«smooth» package for R. Intermittent state-space model. Part I. Introducing the model

One of the features of functions of smooth package is the ability to work with intermittent data and the data with periodically occurring zeroes.

Intermittent time series is a series that has non-zero values occurring at irregular frequency (Svetuknov and Boylan, 2017). Imagine retailer who sells green lipsticks. The demand on such a product will not be easy to predict, because green colour is not a popular colour in this case, and thus the data of sales will contain a lot of zeroes with seldom non-zero values. Such demand is called “intermittent”. In fact, many products exhibit intermittent patterns in sales, especially when we increase the frequency of measurement (how many tomatoes and how often does a store sell per day? What about per hour? Per minute?).

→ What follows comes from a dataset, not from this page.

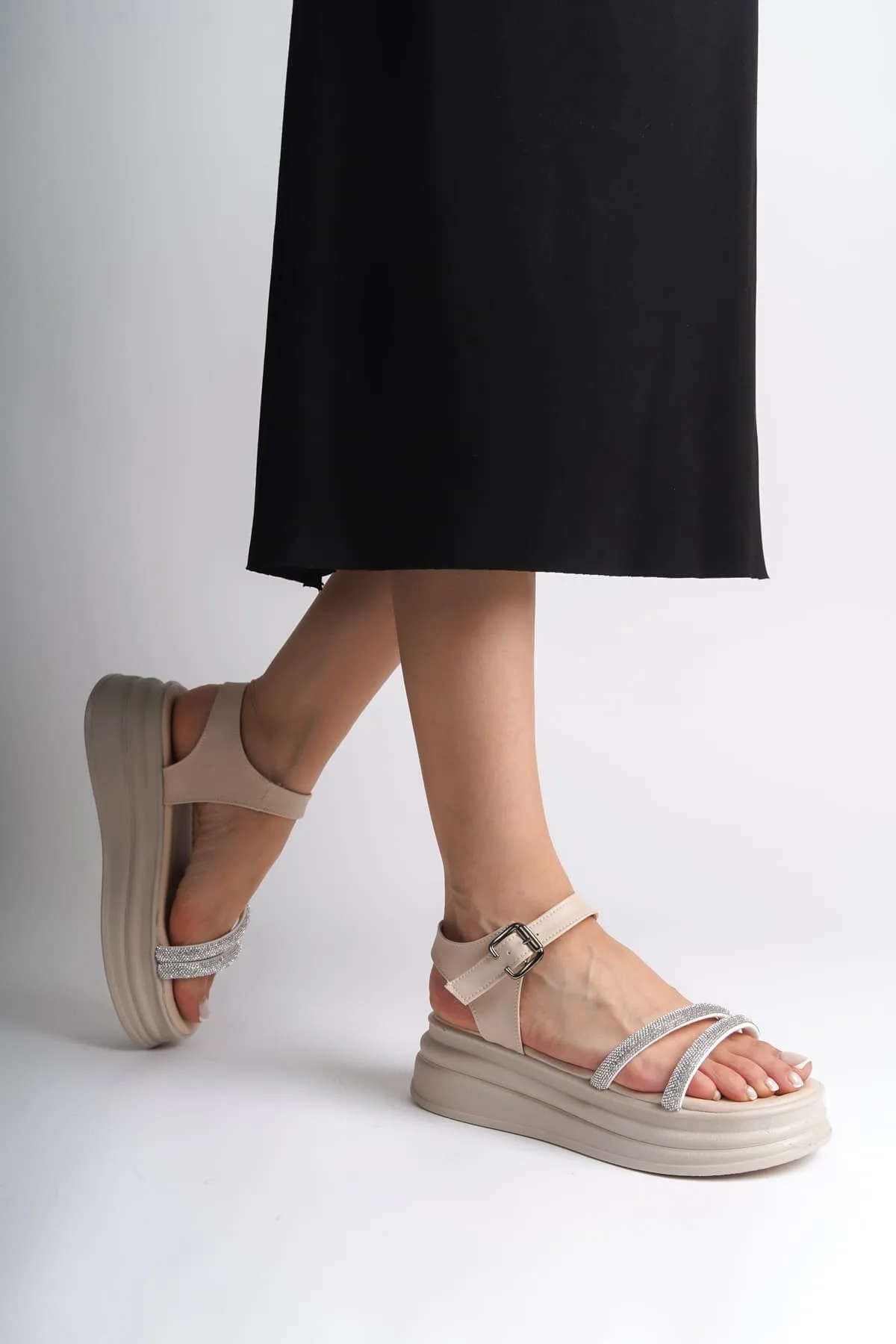 ZLOHE Kalın Tokalı Taşlı Şeritli Ortopedik Krem Kadın Sandalet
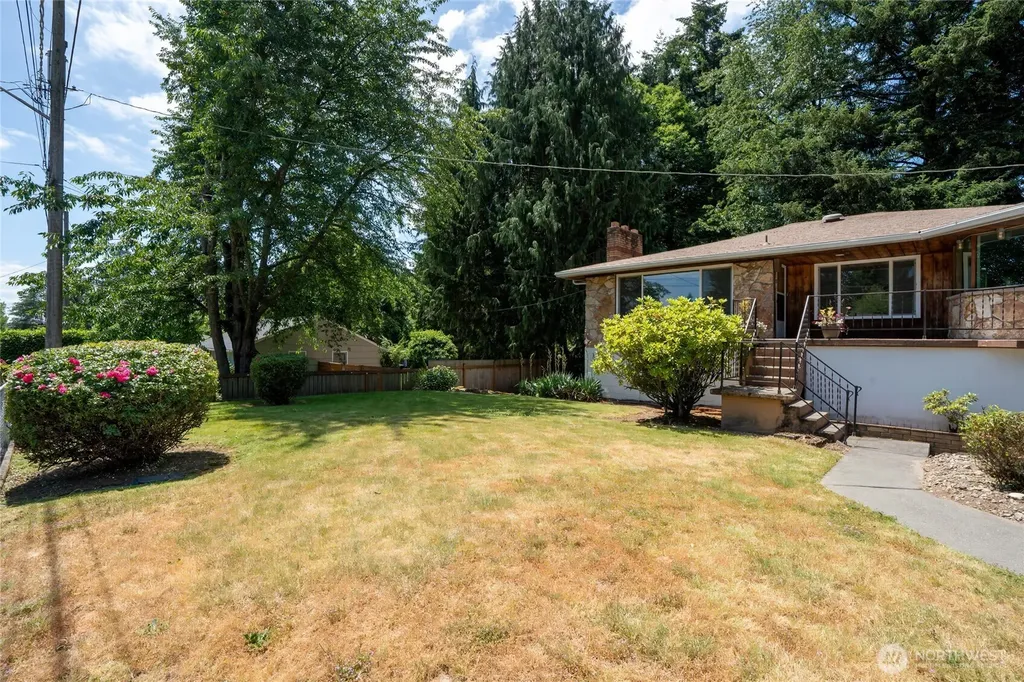 14839 4th Avenue S Burien WA 98148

The other case is when watermelons are sold in high quantities over summer and are either not sold at all or sold very seldom in winter. In this case the demand might be intermittent or even absent in winter and have a nature of continuous demand during summer.

smooth functions can work with both of these types of data, building upon mixture distributions.

In this post we will discuss the basic intermittent demand statistical models implemented in the package.

The model

First, it is worth pointing out that the approach that is used in the statistical methods and models discussed in this post assumes that the final demand on the product can be split into two parts (Croston, 1972):

  1. Demand occurrence part, which is represented by a binary variable, which is equal to one when there is a non-zero demand in period \(t\) and zero otherwise;
  2. Demand sizes part, which reflects the amount of sold product when demand occurrence part is equal to one.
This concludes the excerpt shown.